WORK REQUEST = Only one stretch of the listing below is wanted. Begin at the line that has "Kenar 100% Linen", stop after the line that has "chairus® Leunstoel - Beige", and repeat every line in between exactly.

***** INPUT RECORDS *****

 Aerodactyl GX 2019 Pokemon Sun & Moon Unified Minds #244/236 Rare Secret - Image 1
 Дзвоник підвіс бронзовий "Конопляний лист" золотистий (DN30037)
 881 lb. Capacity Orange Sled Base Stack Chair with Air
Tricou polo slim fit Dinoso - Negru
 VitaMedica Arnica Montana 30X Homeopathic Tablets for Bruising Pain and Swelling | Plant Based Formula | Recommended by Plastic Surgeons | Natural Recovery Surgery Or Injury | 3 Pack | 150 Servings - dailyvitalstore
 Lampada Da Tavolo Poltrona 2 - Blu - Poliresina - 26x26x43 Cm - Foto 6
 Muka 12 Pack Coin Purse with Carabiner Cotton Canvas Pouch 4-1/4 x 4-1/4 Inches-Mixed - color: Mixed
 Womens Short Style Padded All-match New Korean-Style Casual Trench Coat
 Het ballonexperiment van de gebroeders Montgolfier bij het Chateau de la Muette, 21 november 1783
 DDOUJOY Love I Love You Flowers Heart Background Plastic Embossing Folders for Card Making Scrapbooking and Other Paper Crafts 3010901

*****
***** INPUT RECORDS *****

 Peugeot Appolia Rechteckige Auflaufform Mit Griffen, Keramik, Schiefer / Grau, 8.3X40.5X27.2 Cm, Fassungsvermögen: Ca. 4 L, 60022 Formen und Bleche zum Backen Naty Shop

*****
***** INPUT RECORDS *****

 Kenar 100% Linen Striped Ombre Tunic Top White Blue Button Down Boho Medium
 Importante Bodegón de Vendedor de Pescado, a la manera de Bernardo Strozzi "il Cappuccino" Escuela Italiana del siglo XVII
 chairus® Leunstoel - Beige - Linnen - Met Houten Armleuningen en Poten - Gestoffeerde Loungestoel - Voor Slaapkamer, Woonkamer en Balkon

*****

ANSWER FOR THE TASK =
 Kenar 100% Linen Striped Ombre Tunic Top White Blue Button Down Boho Medium
 Importante Bodegón de Vendedor de Pescado, a la manera de Bernardo Strozzi "il Cappuccino" Escuela Italiana del siglo XVII
 chairus® Leunstoel - Beige - Linnen - Met Houten Armleuningen en Poten - Gestoffeerde Loungestoel - Voor Slaapkamer, Woonkamer en Balkon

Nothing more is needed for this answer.